Również stosunkowo niedawno zaczęła się przygoda Albanii z wolnym rynkiem. W latach 90. obok piramidy w Tiranie – betonowego symbolu komunizmu – w całym kraju pojawiły się kolejne piramidy, tyle że finansowe. Brak ostrzeżeń ani późniejszej pomocy ze strony władz wywołał protesty i zamieszki, które rozrosły się na skalę wojny domowej w całym kraju. Mimo wybrania nowych władz w 1997 r. Albania weszła w XXI w. w cieniu kryzysu. Skłoniło to wielu obywateli do emigracji lub zarabiania w szarej strefie, gdzie spora część z nich pozostaje do dziś.

Kulturowe zamieszanie

Albania jest krajem, gdzie postkomunistyczny chłód blokowisk z wielkiej płyty miesza się ze śródziemnomorskim krajobrazem i bijącym od niego ciepłem. Spotykają się tu wpływy bałkańskie, osmańskie, włoskie, a nawet greckie, co skutkuje niesamowitą mieszanką w kuchni, architekturze i zwyczajach, której trzeba doświadczyć.

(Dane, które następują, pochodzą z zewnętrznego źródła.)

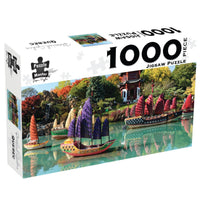 1000-piece jigsaw puzzle box, botanical gardens scene with boats and pagoda.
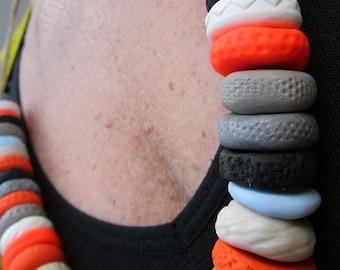 neon orange, white, pearl, black, baby blue, grey coral disk colour block necklace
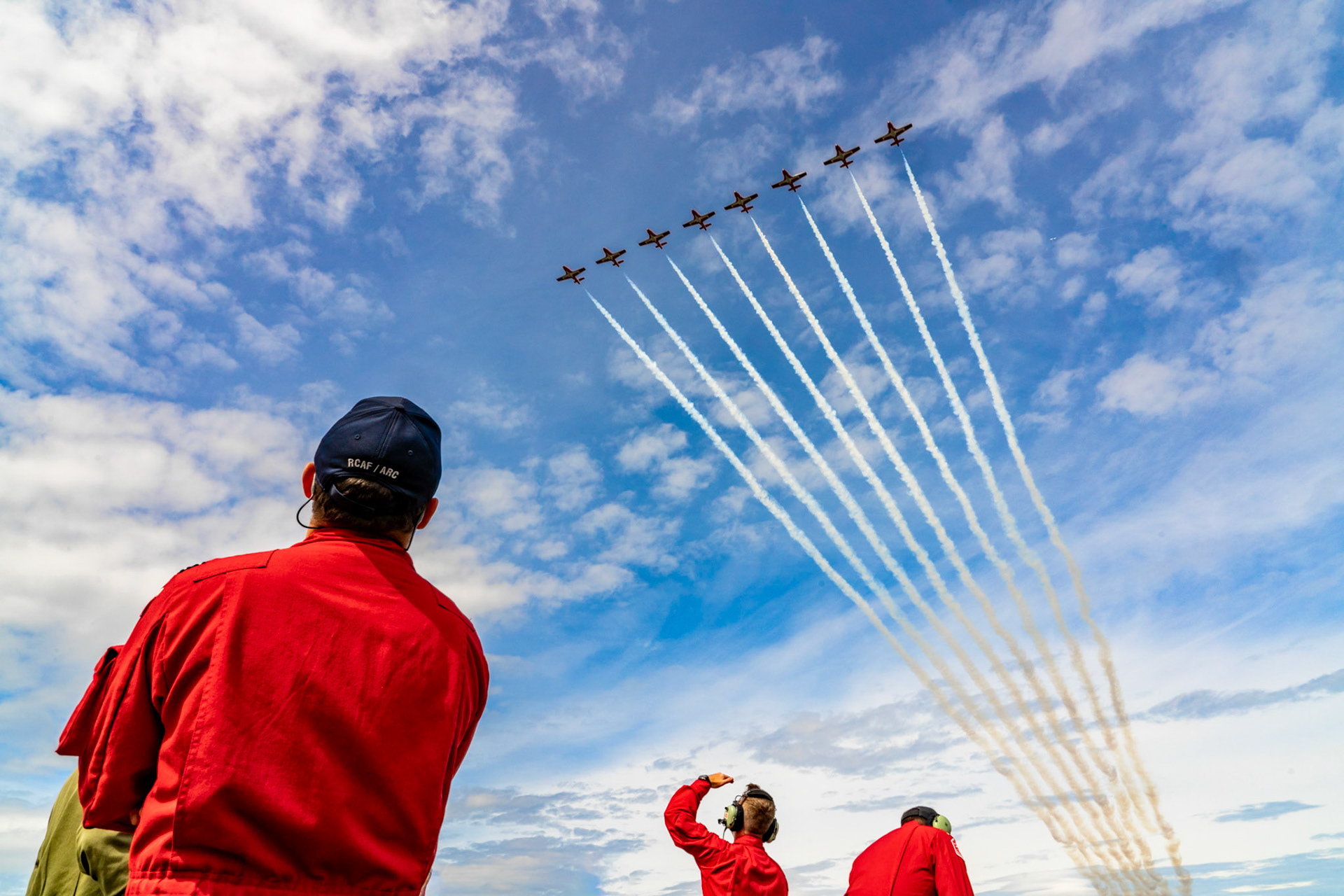 2024 Snowbird 5 Capt Thomas Thornton, 10 Capt Edward Soye,  11 Capt Rich MacDougall, looks up as the team flys over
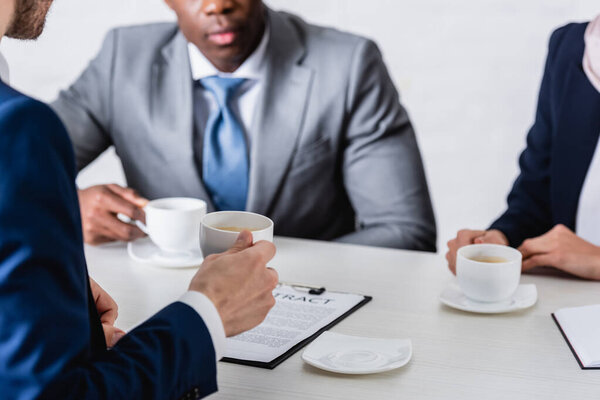 selective focus of multiethnic business partners holding cups during coffee break, cropped view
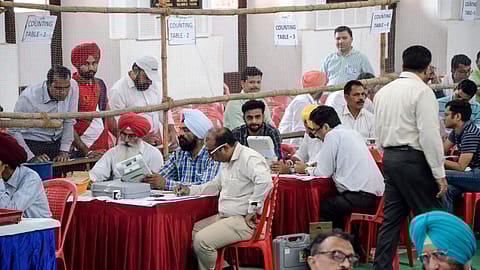 Indian election officials check an Electronic Voting Machine (EVM) at a polling counting centre in Amritsar on May 23, 2019.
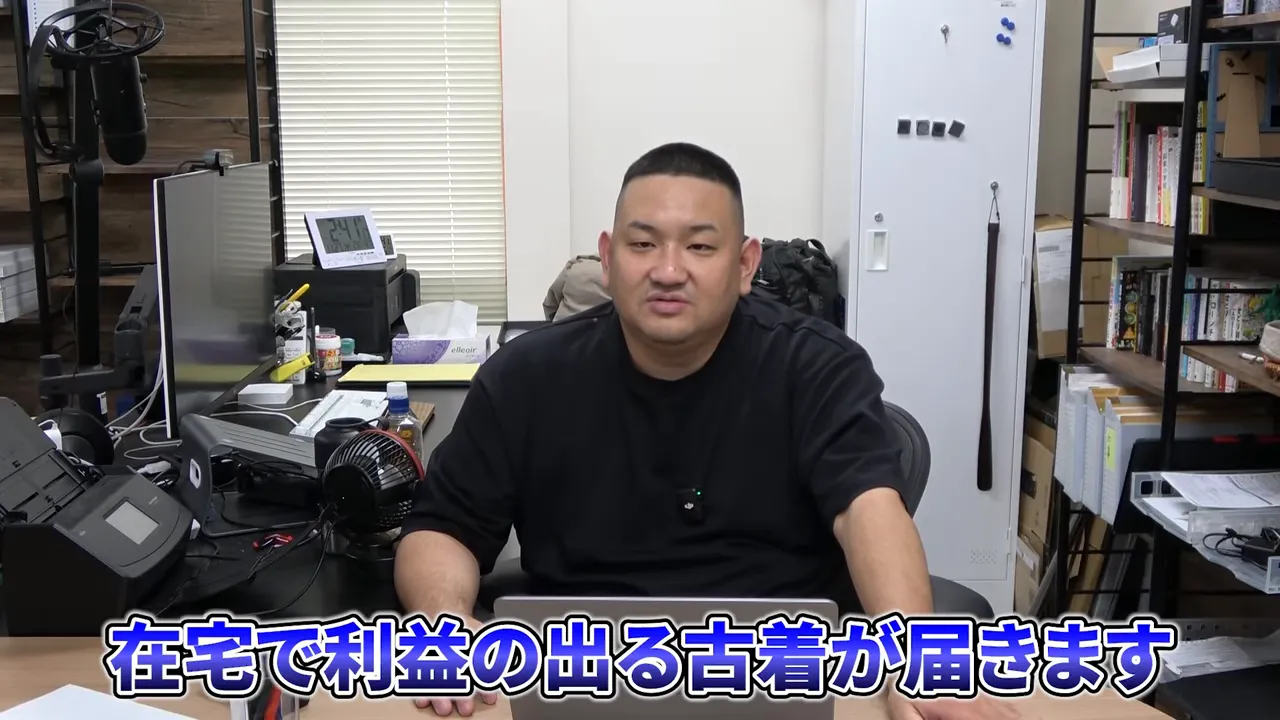 デスクに座って説明する男性と画面下に『在宅で利益の出る古着が届きます』と書かれたテロップ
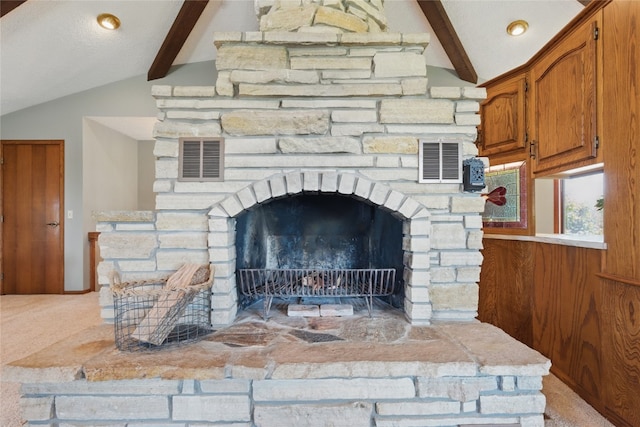 1004 W Welsh St, Williamsburg, IA 52361 - detailed view of beamed ceiling, carpet flooring, and a fireplace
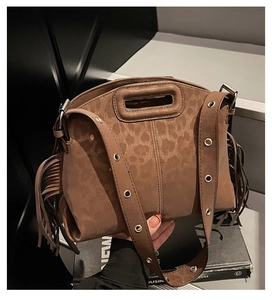 Détail du sac bandoulière en daim marron avec gaufrage léopard et franges sur les côtés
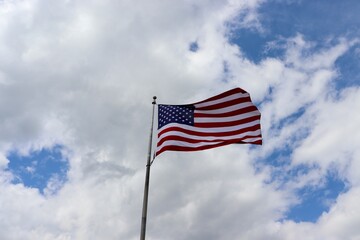 The american flag waving un the wind.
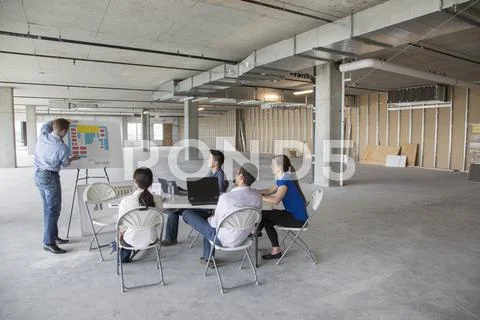 Businessman Making Presentation To Colleagues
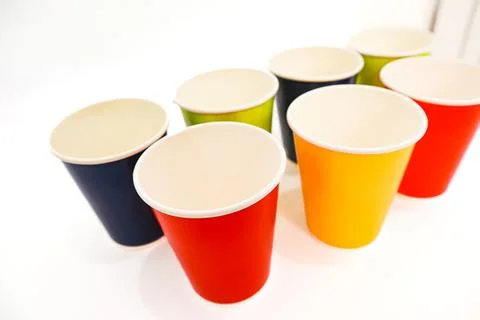 Vibrant array of colorful paper cups on a white surface, perfect for party .. Foto stock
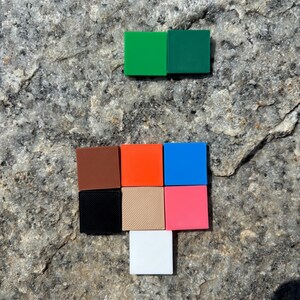 Puede incluir: Un conjunto de nueve bloques peque&ntilde;os, cuadrados y de colores. Los bloques est&aacute;n dispuestos en una cuadr&iacute;cula. Los colores son marr&oacute;n, naranja, azul, negro, beige, rosa, blanco, verde y verde oscuro.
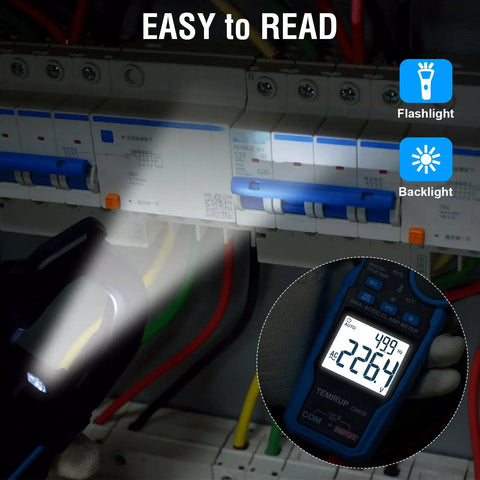 All In One Handy Clamp Meter Multimeter displaying AC voltage in a dimly lit electrical panel with flashlight and backlight features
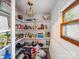 Functional pantry with ample shelving for storage and light from a window at 408 S Ellis St, Salisbury, NC 28144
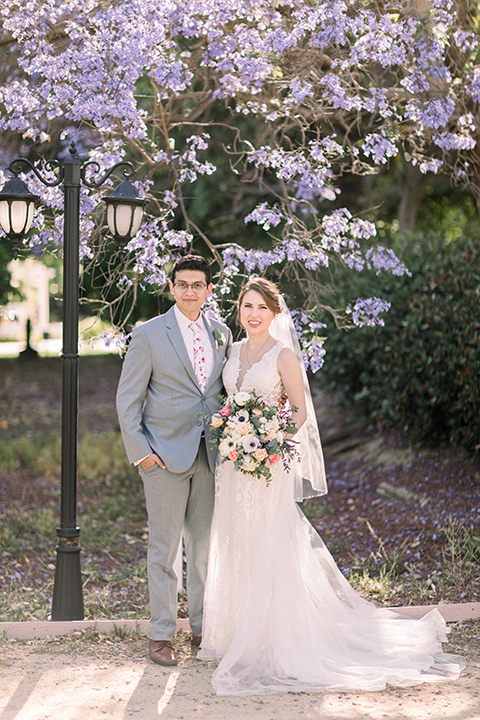  a romantic garden wedding with grey and pink décor and style, with the bride in a gorgeous white gown and the groom in a heather grey suit, the bridesmaids were in blush pink gowns and the groomsmen in heather grey suits – couple at the wedding 
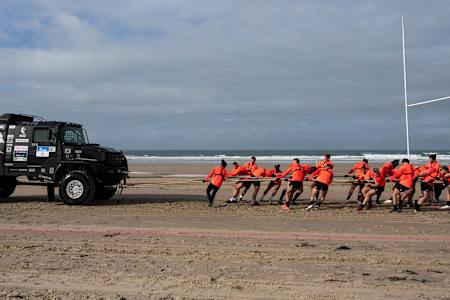 England players pull a truck across the beach in Jersey for Red Bull Stress Test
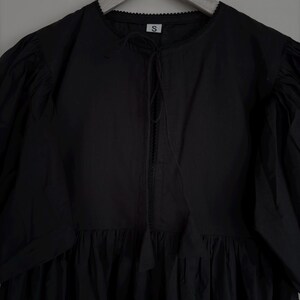 May include: Black dress with a round neckline, short puff sleeves, and a gathered skirt. The dress has a tie detail at the neckline and is hanging on a wooden hanger. The tag on the dress has the letter "S".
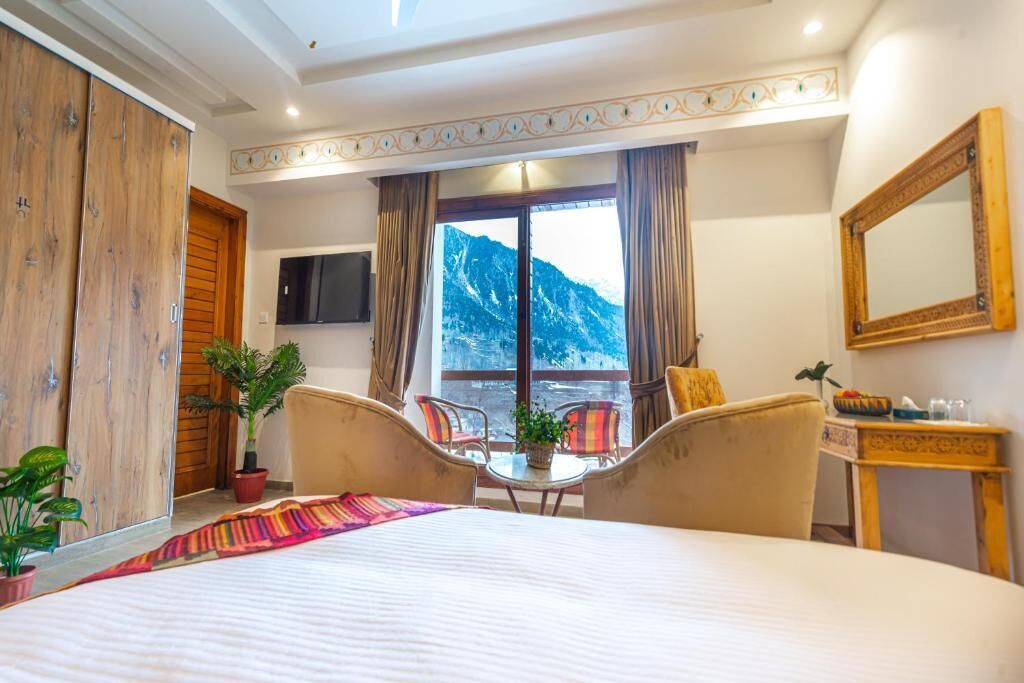 A hotel room with a bed, a desk, two chairs, a TV, a large window with a mountain view, and a wooden wardrobe.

Podczas zwiedzania możemy wybierać spośród starożytnych ruin, średniowiecznych zamków, komunistycznych bunkrów lub współczesnych muzeów. W ostatniej kategorii szczególnie warte uwagi są Muzeum Fotografii „Marubi” w Szkodrze oraz Narodowe Muzeum Historyczne w Tiranie.

Jeśli chodzi o jedzenie – warto spróbować miejscowych specjałów, wyśmienitych owoców morza oraz odwiedzić lokale prowadzone przez Włochów i Kosowian, które obecne są w każdym mieście. Bardzo spodobała mi się też różnorodność w kawiarniach. Dostaniemy w nich zarówno włoskie espresso, greckie freddo oraz moje nowe odkrycie – rozgrzewający turecki salep, którego smak można w przyrównać do Cini Minis.

Opuścić cień

Dzięki rosnącemu zainteresowaniu turystów Albania ma coraz większe szanse na rozwój. Mimo wielu przeszkód mam ogromną nadzieję, że z biegiem lat rozwinie skrzydła i uda jej się choć trochę wyjść (czy może raczej wylecieć?) ze swojego cienia.